▸ ACTION ITEM:
Which lines run from the one with "Herrenkontakt – Marineblau" through the end of the data? Retype them exactly, without pictures.
--------------------------------
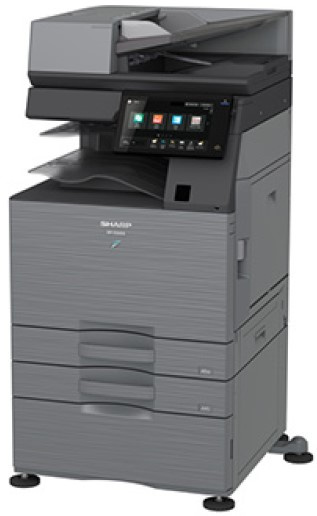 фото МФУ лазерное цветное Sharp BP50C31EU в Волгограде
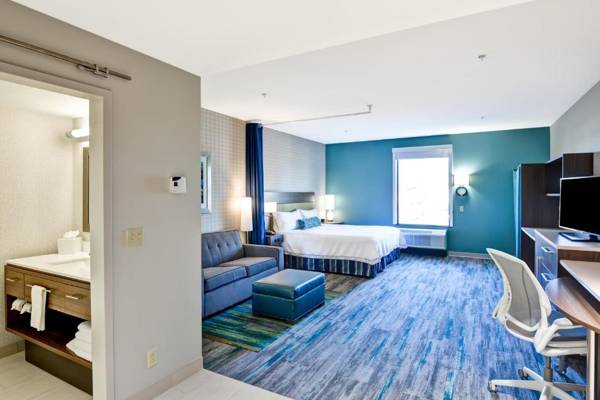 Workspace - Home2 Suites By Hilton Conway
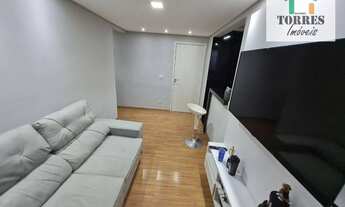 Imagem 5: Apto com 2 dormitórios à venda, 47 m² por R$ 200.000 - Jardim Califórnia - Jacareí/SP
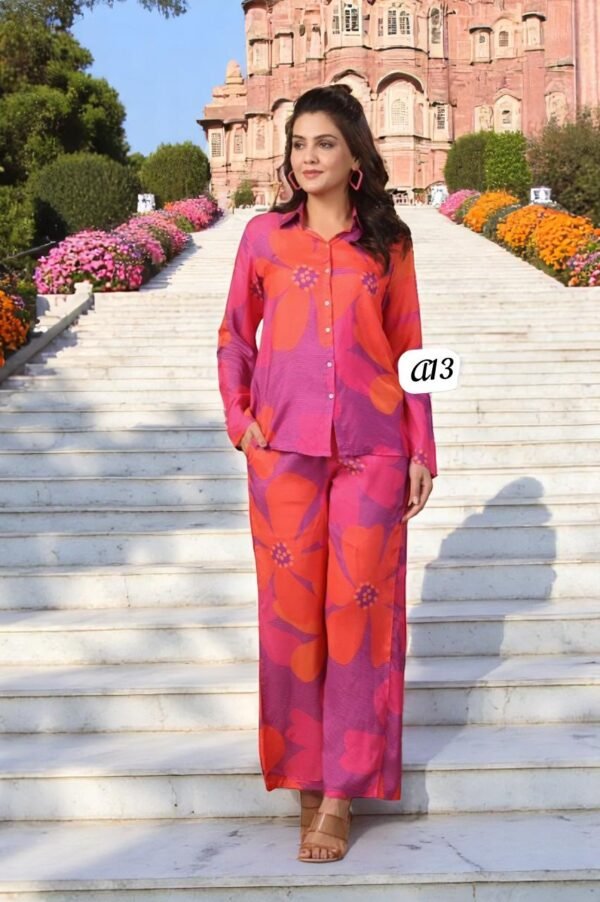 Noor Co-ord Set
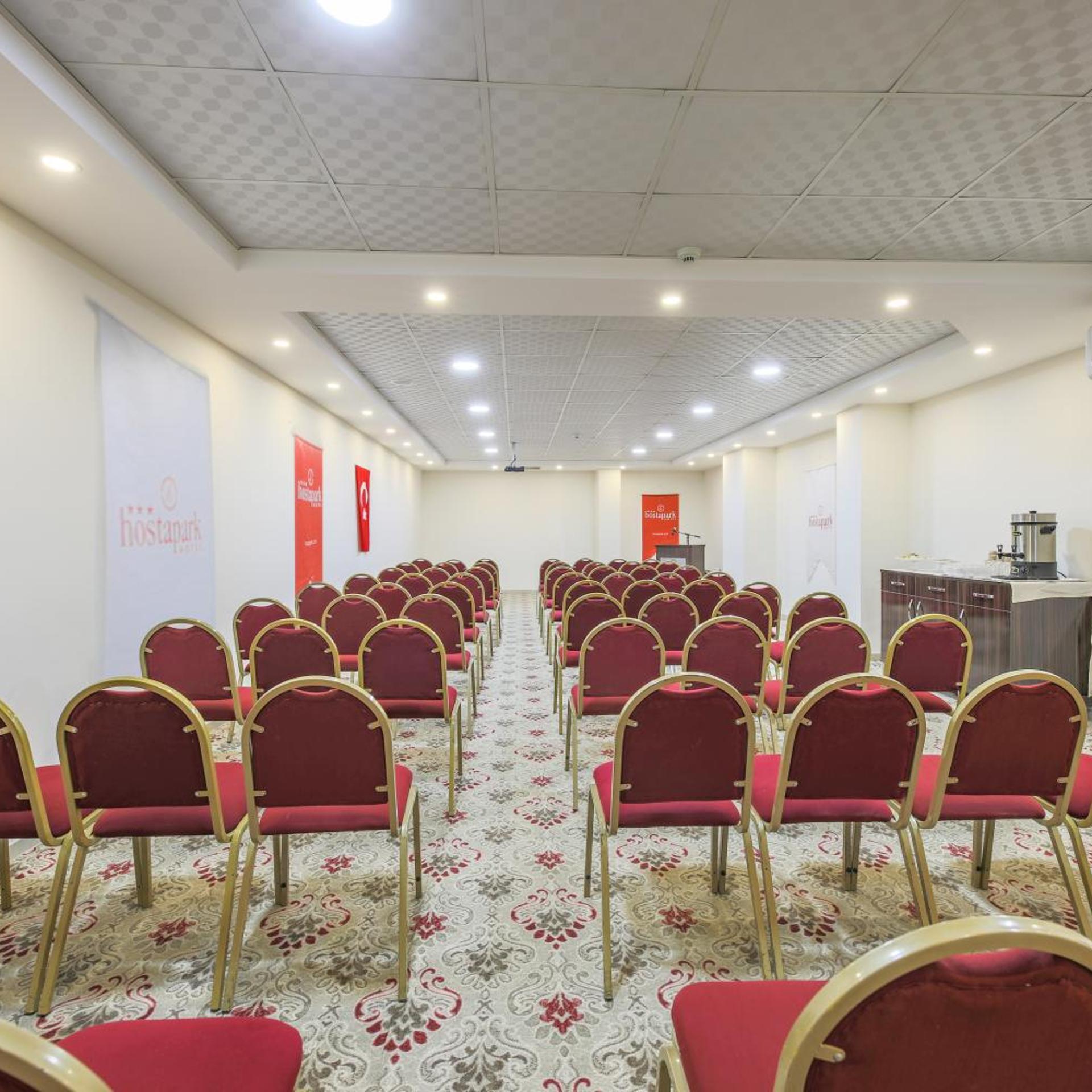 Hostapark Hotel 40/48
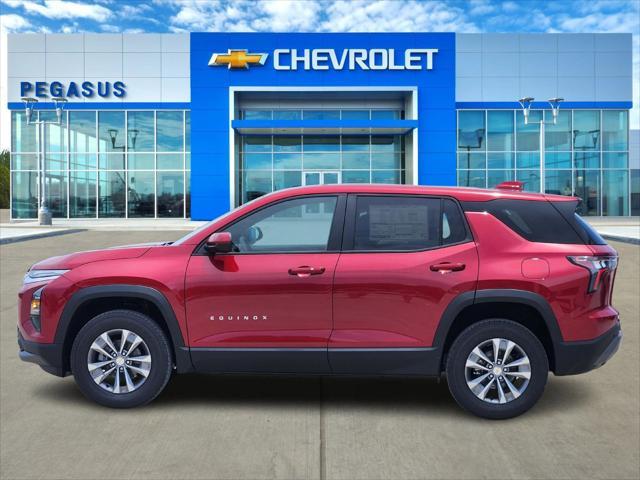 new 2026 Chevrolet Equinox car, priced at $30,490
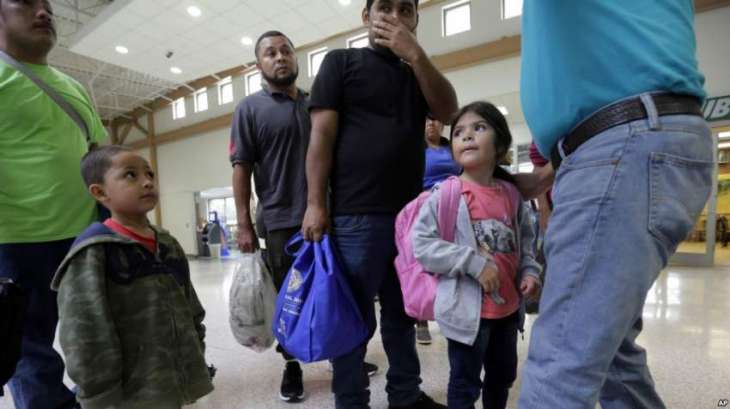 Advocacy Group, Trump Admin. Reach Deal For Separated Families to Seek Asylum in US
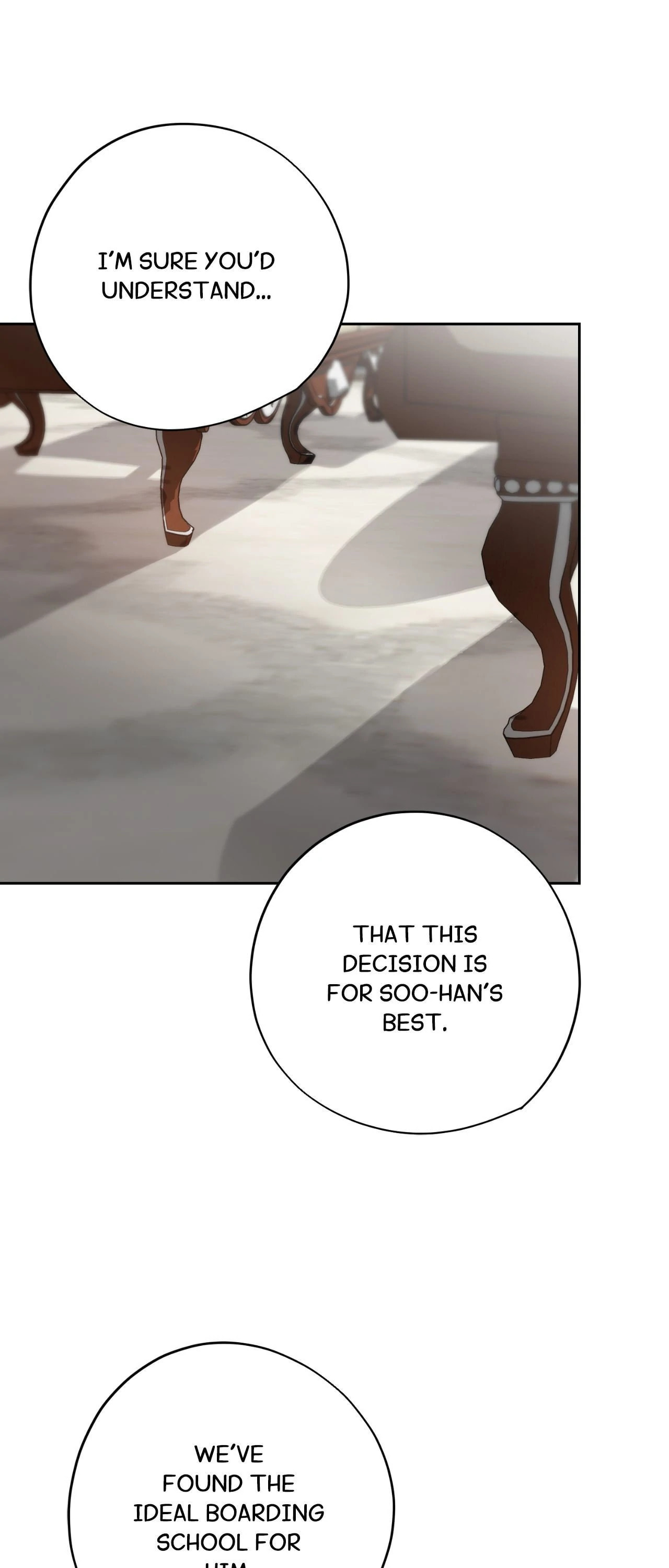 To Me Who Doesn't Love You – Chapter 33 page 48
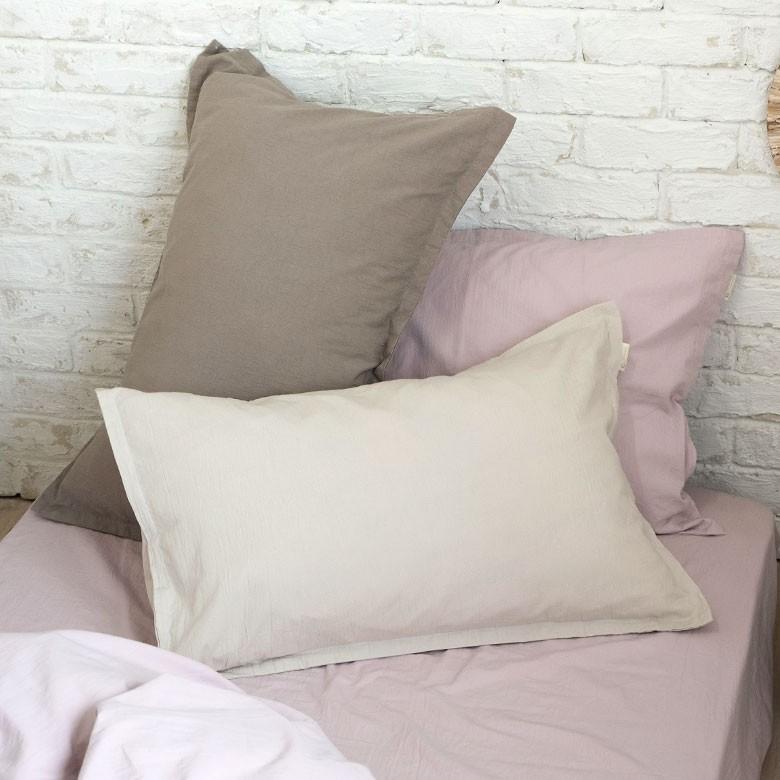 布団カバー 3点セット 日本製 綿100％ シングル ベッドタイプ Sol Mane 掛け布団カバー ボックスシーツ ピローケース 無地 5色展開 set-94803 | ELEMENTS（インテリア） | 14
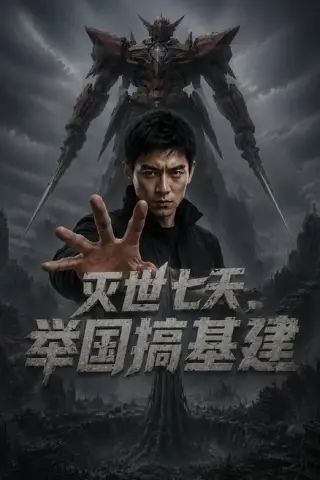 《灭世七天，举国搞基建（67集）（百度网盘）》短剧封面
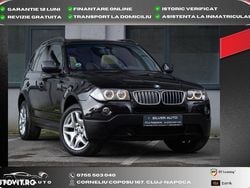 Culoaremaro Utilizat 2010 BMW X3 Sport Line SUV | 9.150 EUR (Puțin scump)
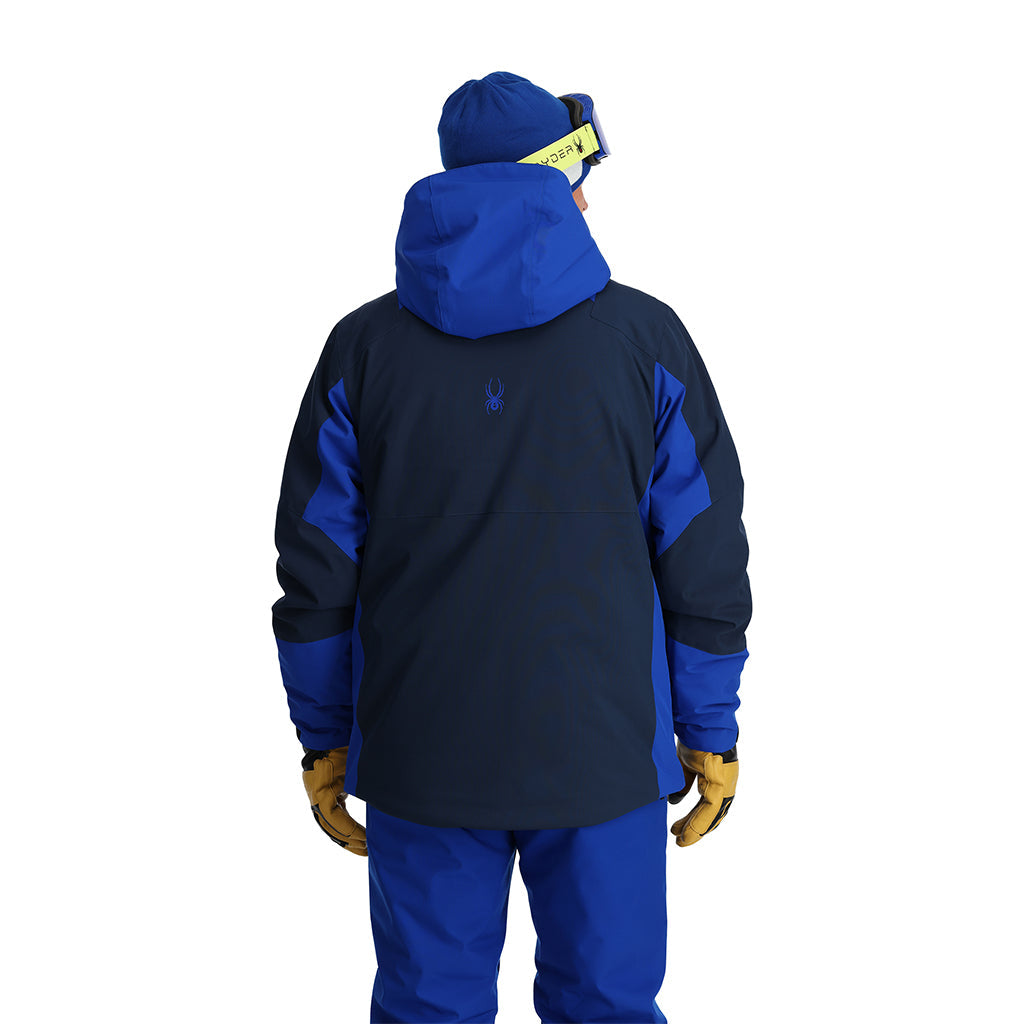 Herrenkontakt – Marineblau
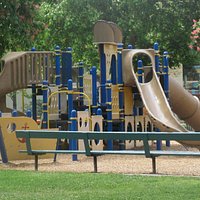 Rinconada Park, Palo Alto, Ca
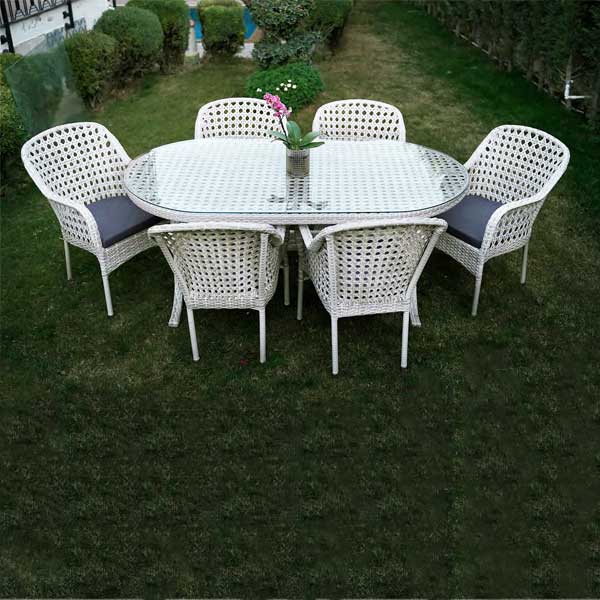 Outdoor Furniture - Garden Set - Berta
--------------------------------
▸ REPLY:
 Herrenkontakt – Marineblau
 Rinconada Park, Palo Alto, Ca
 Outdoor Furniture - Garden Set - Berta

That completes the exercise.